Although the Massachusetts statute parallels the federal statute in providing exemptions from liability, I rule that none of the exemptions in § 99(D) of ch. 272 covers the facts of this case.
*825 Lastly, defendants again raise a good-faith immunity defense under the state statute in reliance on Gildea v. Ellershaw, 363 Mass. 800, 298 N.E.2d 847 (1973). In that case, the Court held the law of the Commonwealth to be: "if a public officer . . . is either authorized or required, in the exercise of his judgment and discretion, to make a decision and to perform acts in the making of that decision, and the decision and acts are within the scope of his duty, authority and jurisdiction, he is not liable for negligence or other error in the making of that decision . . .." Id. at 820, 298 N.E.2d at 858. The problem with this argument is that § 99 addresses a good faith defense as follows: "Good faith reliance on a warrant issued under this section shall constitute a complete defense to an action brought under this paragraph." M.G.L.A. ch. 272, § 99(Q) (3). The fact that defendants' actions were warrantless precludes their arguing they acted in good faith.

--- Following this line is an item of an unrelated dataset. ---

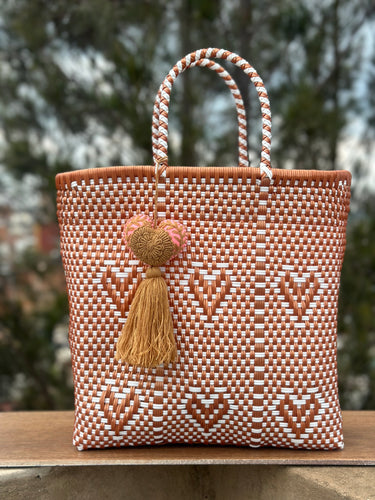 De Mi Corazón Tote White & Copper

Accordingly, I rule that all defendants have violated federal and state law and that a hearing will be held on the question of damages. Plaintiffs have also sought injunctive relief. My reading of the legislative history of 18 U.S.C.A. § 2520 leads me to believe that Congress did not intend that any relief other than money damages be available under the statute. E. g., 1968 U.S.Code Cong. & Admin.News, p. 2196. Likewise, there is nothing before me which suggests that the parallel state statute permits any equitable relief. More importantly, I find no evidence in the record of this case to suggest that any defendant involved herein will repeat the conduct involved. Consequently, I rule there is no need for an injunction even if it were authorized.